Selang beberapa detik kemudian, seseorang membuka pintu kamar Elina tanpa mengetuknya. Elvano hanya membuka sedikit pintu kamar bahkan tangan kanannya masih memegangi knop pintu tersebut. Cowok itu hanya muncul di ambang pintu.

"Woy!" Elina refleks menoleh ke arah pintu. "Turun cepetan," sambung cowok itu lagi.

"Ngapain sih?"

"Gue udah bantuin bilang ke Papa,"

"Ya, trus?"

"Papa mau ngomong tuh.

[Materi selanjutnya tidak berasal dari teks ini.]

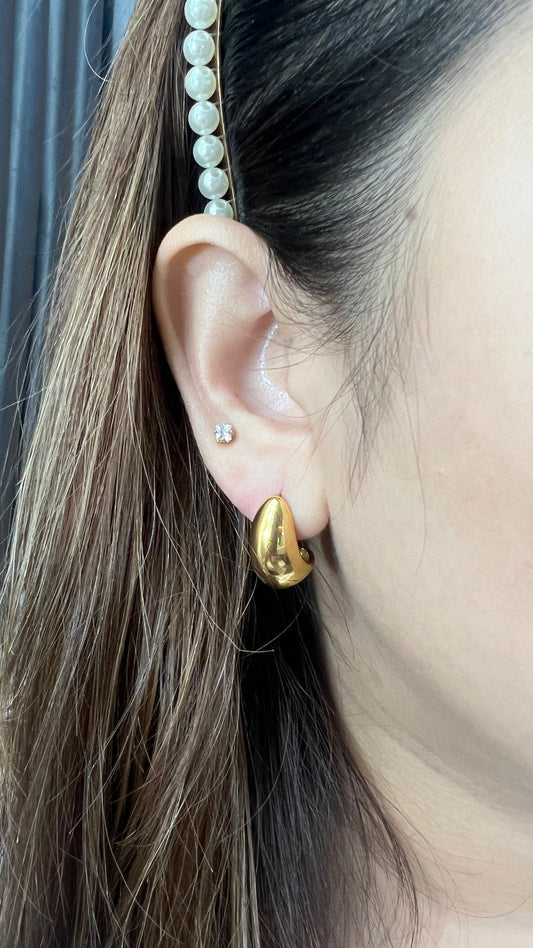 Gold Teardrop Earrings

Cepetan, mumpung lagi bisa diajak negosiasi,"

"Serius?"

"Iya, cepetan turun!"

"Iya-iya, sabar."

Elina langsung beranjak dari ranjang kemudian berlarui kecil melewati Elvano begitu saja. Langkah kakinya menuruni tangga dengan terburu-buru saat melihat ayahnya sedang duduk di sofa dengan pakaian yang rapi.

"Papa mau kemana?" tanya cewek itu langsung saat sudah berada beberapa langkah di belakang sofa.

Edwin menoleh, melihat putrinya yang sekarang sudah tumbuh menjadi dewasa. Perasaan pria itu terasa campur aduk saat ini. Ia tidak ingin berpisah dengan putrinya barang seharipun. Ia tidak begitu yakin akan keputusan apa yang harus ia ambil.

"Ada rapat mendadak,"

"Kenapa gak ke kantor?"

"Mau ngomong dulu sama kamu," katanya sambil tersenyum simpul. "Duduk dulu sini, sebentar," sambung pria itu lagi.

"Kenapa, Pa?" tanya cewek itu saat sudah duduk.

"Kamu bener-bener gak mau ikut ke Melbourne?" tanyanya langsung pada intinya.

Elina menggeleng dengan sangat yakin, "gak mau."

"Denger, Papa bukan mau maksa kamu sayang, tapi Papa khawatir kalo kamu tinggal sendirian di sini. Siapa yang jaga kamu?" ujar pria itu penuh dengan rasa cemas dan kekhawatiran.

"Tapi aku udah gede, Pa. Aku bukan anak kecil lagi yang harus dijagain tiap hari. Aku bisa jaga diri aku sendiri, Papa gak perlu khawatir."

"Papa tahu kalo kamu udah gede sekarang, tapi bagi Papa kamu bakal terus jadi putri kecil."

Edwin menatap kedua bola mata Elina lekat-lekat. Benar, putri kecilnya sudah beranjak dewasa sekarang. Pria itu menunduk kemudian menghela napasnya pelan.

"Kamu itu perempuan satu-satunya yang Papa punya," katanya masih menunduk. Ia tidak ingin putrinya melihat kesedihan yang ia rasakan saat ini. Ia kembali menghela napas kemudian mengangkat kepalanya. "Papa gak bakal pernah bisa buat gak khawatir sama kamu. Papa harap kamu ngerti," pria itu menyambung kalimatnya lagi.